Last week saw our Trust’s Annual General Meeting. We may all be familiar with video calls and shared screens, but for the public our first ever ‘virtual AGM’ was a successful opportunity to continue to participate in this important event in the life of our foundation trust.
You can see the slides from the day here and I want to really emphasise what an astonishing year we’d had as a Trust…before things became even more astonishing and challenging in March.
That in itself is a list to be proud of and it touches all of us across divisions, services, grades and locations. Your part, direct or indirect, on ward or community – or even now from home - has made a positive difference for the people we serve.
There are things to do. Complex issues such as reducing staff sickness absence, delayed discharges from mental health services, increasing the number of service users in settled accommodation and employment and access to therapies, remain our enduring challenges. We’re working on those and we have plans in place.
I told the AGM that our strategic vision to ‘strive for perfect care’ has evolved beyond just striving for perfection in an episode of care. It’s about becoming more preventative and integrated in our approach, seeing people in the context of their families, their communities and their neighbourhoods, not as problems to be solved but as assets to be invested in. We’re transforming the way we care for people by giving them more control over their health and providing care in a joined up way that is based in the communities in which people live.

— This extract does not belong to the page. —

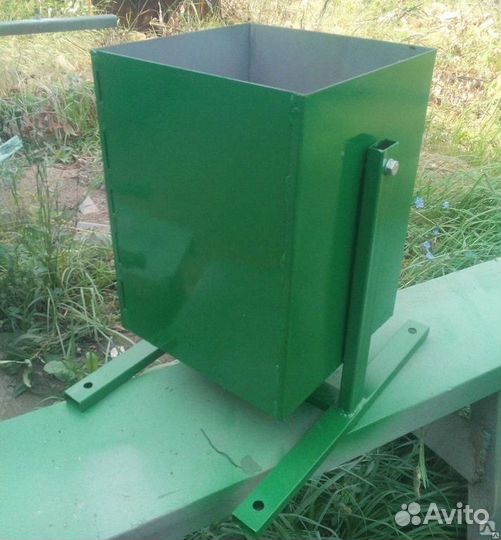 Металлическая урна 1,5 мм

At this point in any normal year, our meeting would already be packed with positives, plans and opportunities for questions and challenge from members and attendees. This year however, all those highlights and those commitments only tell part of the story, because we now have to talk about the pandemic.
The effects of COVID-19 are shattering for individuals, their families and networks. But, as I’ve said extensively in this blog, it’s potentially also devastating for the long term viability of good mental health in society, for the whole NHS and health services and for the economy.

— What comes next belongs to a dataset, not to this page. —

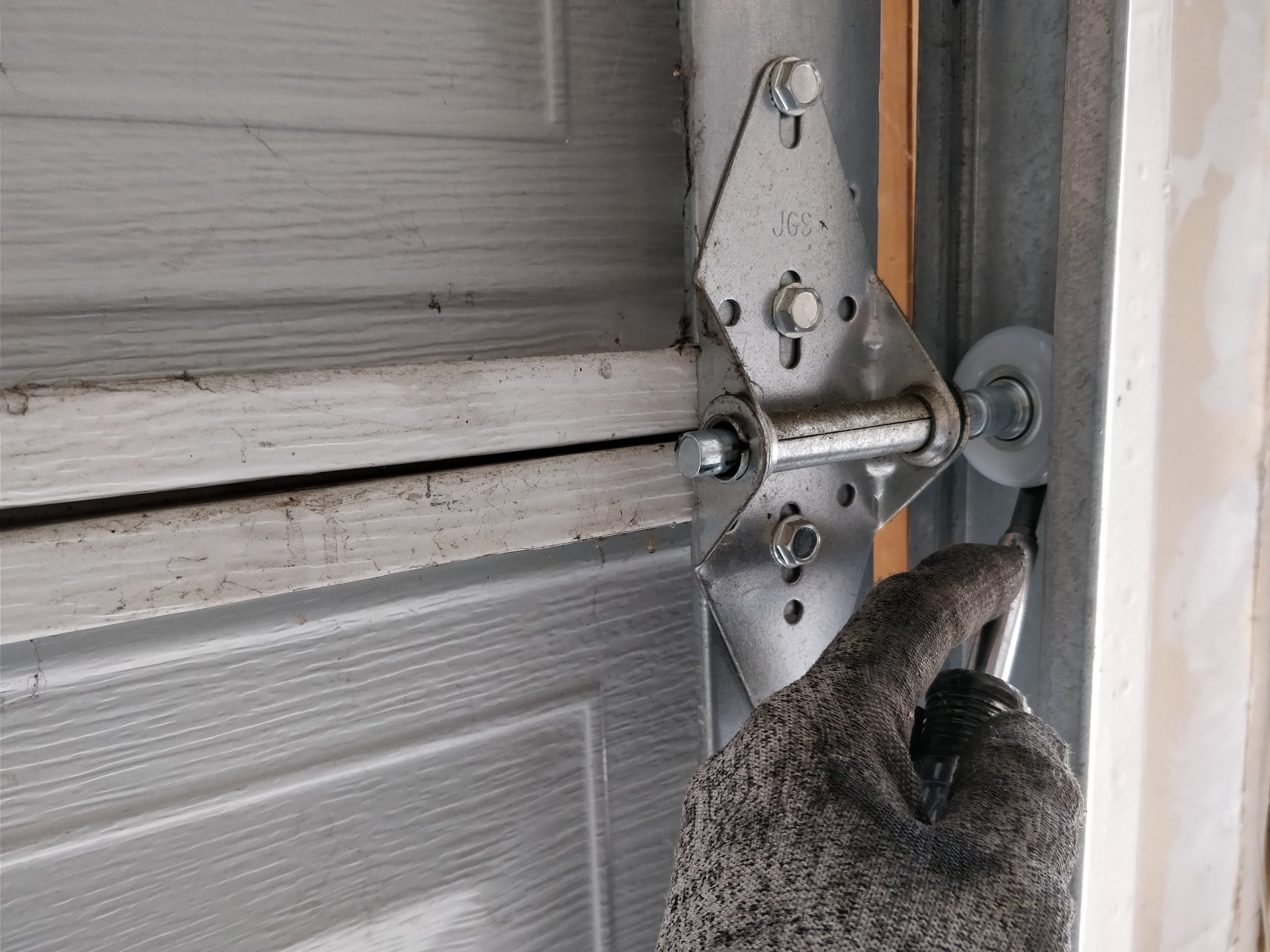Noisy Garage Door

At the AGM, and with due reverence to those who have been personally affected by the pandemic, I outlined how Mersey Care had risen to this challenge. Financial governance was maintained without impeding service delivery. We’ve led multi-stakeholder work in our area. We’ve delivered on plans and implemented innovation at an astonishing scale. And we have done so in ways that have benefited both our patients and our staff. The technology we’ve become accustomed to – give or take the odd challenge – means people are working differently and more effectively. Patients report that virtual consultations are often beneficial. Staff (in our Culture of Care Barometer) say they’re well manged in changed times and 75 percent of responders feel well informed about what’s happening in the Trust.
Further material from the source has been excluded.